Creato il 21 gennaio 2015 da Alessandroronga @alexronga

Bandiere di Turchia e IsraeleE’durato poco lo “spirito di Parigi”, giusto il tempo di mostrarsi alle telecamere alla Marche Republicaine in memoria delle vittime del terrorismo jihadista che il 7, l’8 e il 9 gennaio scorsi ha sconvolto la vita frenetica della capitale francese. Ed in effetti era da utopisti pensare che marciare insieme in ricordo dei giornalisti di Charlie Hebdo, dei clienti del supermercato kosher e dei poliziotti uccisi avrebbe potuto cancellare anni di tensioni e accuse tra i leader mondiali. Eppure, vedendo marciare uniti verso la medesima direzione il premier Benjamin Netanyahu, il presidente palestinese Abu Mazen e il premier turco Ahmet Davutoglu, chi non ha – anche se per un istante – pensato che in quel momento la Storia potesse cambiare? Ma si sa che le utopie esistono perchè esistono leader politici che le rendono tali.

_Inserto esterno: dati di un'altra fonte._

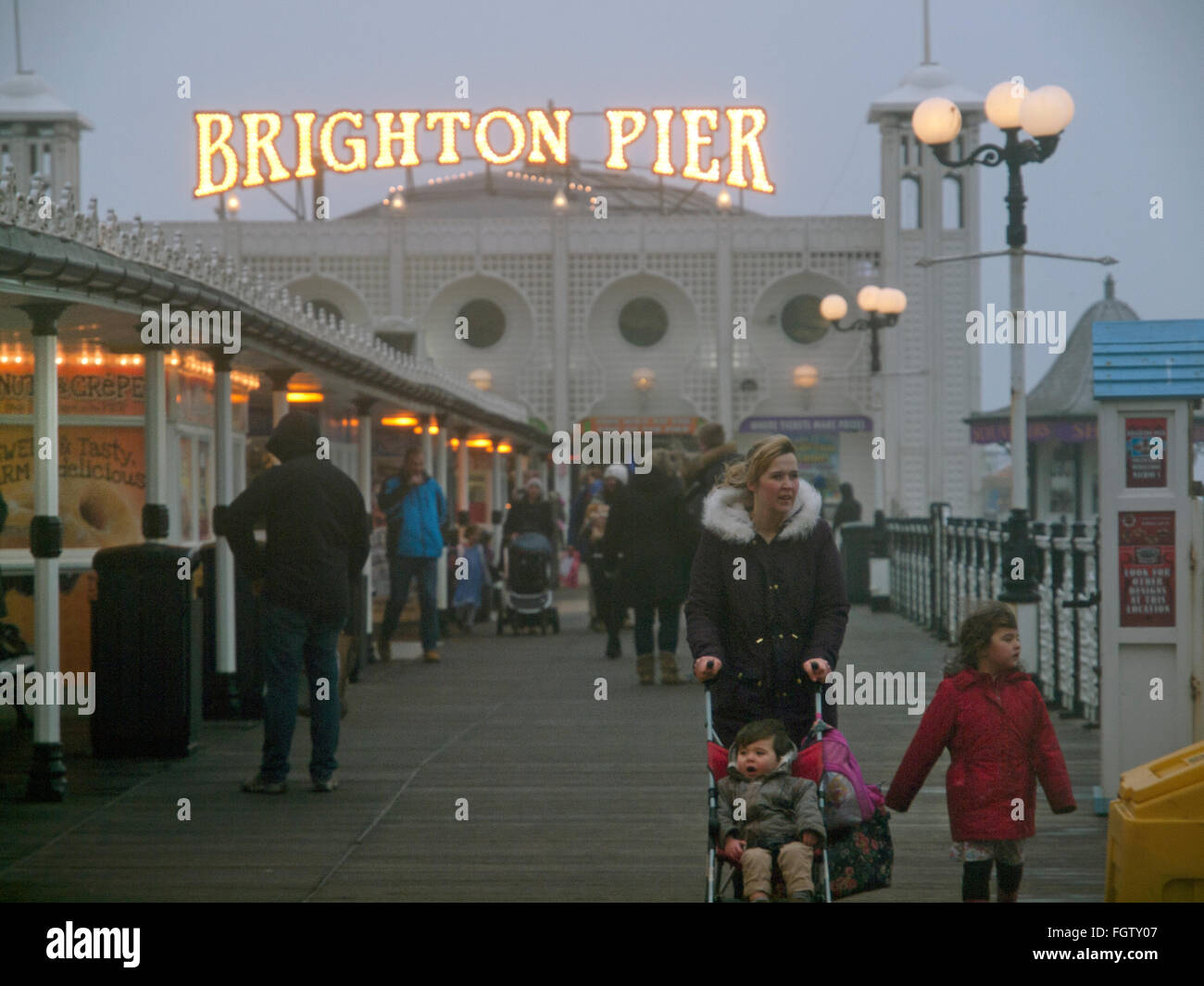 Una giornata invernale e sul molo di Brighton Foto Stock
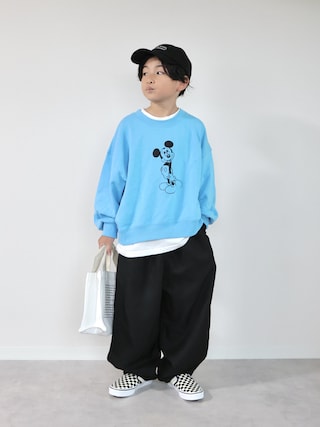 「LOWRYS FARM(ローリーズファーム)のDisneyウラケプルオーバー 1067599(スウェット)」を使った、ORITSUさん(キッズ・124cm)の秋コーディネート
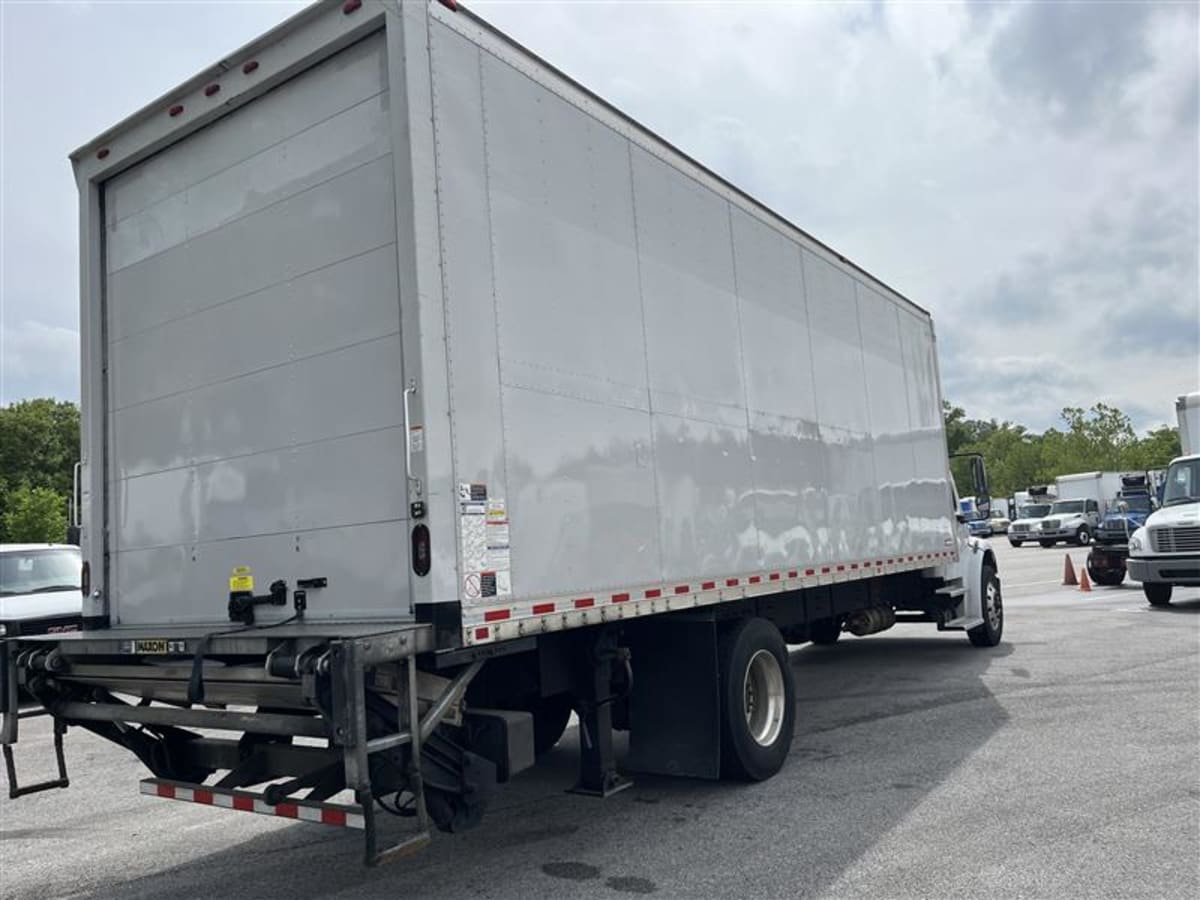 2020 Freightliner M2 106 in Beltsville, MD — photo 4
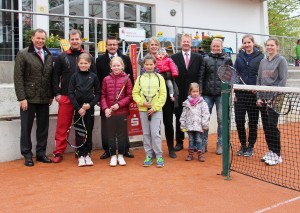 Auch die Nachwuchsspieler freuen sich auf die neue Saison. Für die Unterstützung bedankten sich Wibke Mohr, erste Vorsitzende (5.v.r.), Michael Richter, zweiter Vorsitzender (4.v.l.) sowie Esther Cordes, erste Jugendwartin (3.v.r.), bei Dr. Matthias Bergmann, stellvertretendes Vorstandsmitglied der Sparkasse Westmünsterland (l.) und Andreas Geiping, Regionaldirektor der Sparkasse in Lüdinghausen (4.v.r.).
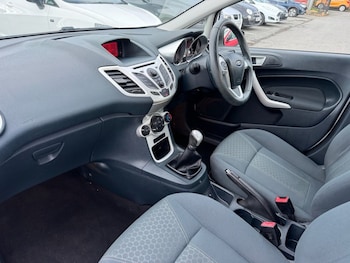 Used Ford Fiesta 2012 for sale - 76119180: Photo 2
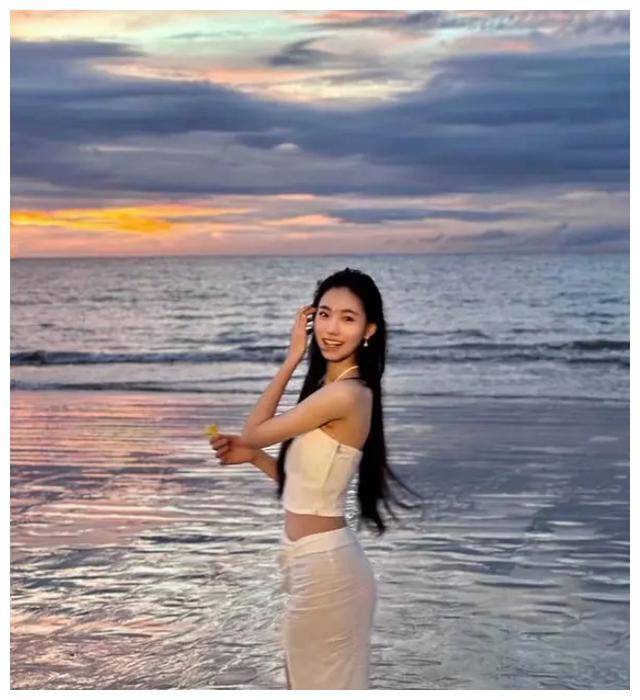 小s女儿16岁秀抹胸!时尚新一代亮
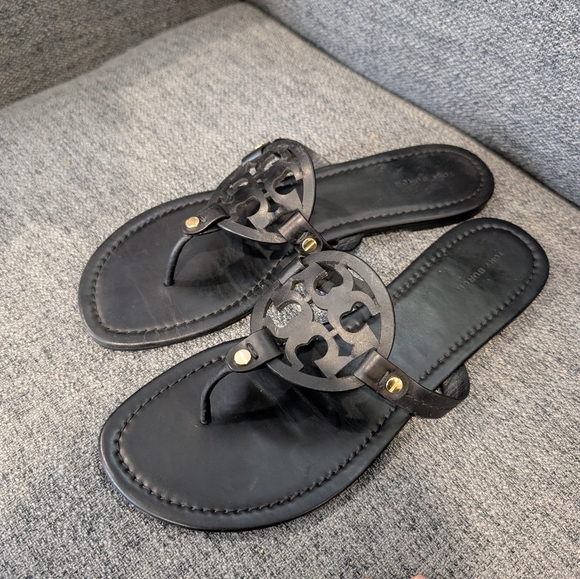 Tory Burch MILLER PATENT SANDAL - Picture 2 of 14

Il via alla querelle verbale l’ha dato il Primo Ministro turco, che, ad appena due giorni dal grande evento di Parigi, in conferenza stampa ha fatto un parallelismo tra gli attacchi islamici di Parigi e l’offensiva israeliana contro Gaza della scorsa estate, esprimendo condanna «per crimini contro l’umanità» commessi dai fratelli Kouachi e del loro sodale Coulibaly, ma anche dal premier israeliano Netanyahu. «Poichè il massacro di Parigi commesso da terroristi è un crimine contro l’umanità, allora ha commesso crimini contro l’umanità anche Netanyahu, in qualità di capo di un governo che ha ucciso bambini che giocavano in spiaggia durante il bombardamento di Gaza, che ha distrutto migliaia di case e che ha massacrato nostri cittadini in acque internazionali a bordo di una nave carica di aiuti umanitari (riferimento all’attacco israeliano del 2010 al battello turco “Mavi Marmara”, facente parte della Freedom Flotilla impegnata a trasportare aiuti a Gaza, in cui morirono nove cittadini turchi, ndr)».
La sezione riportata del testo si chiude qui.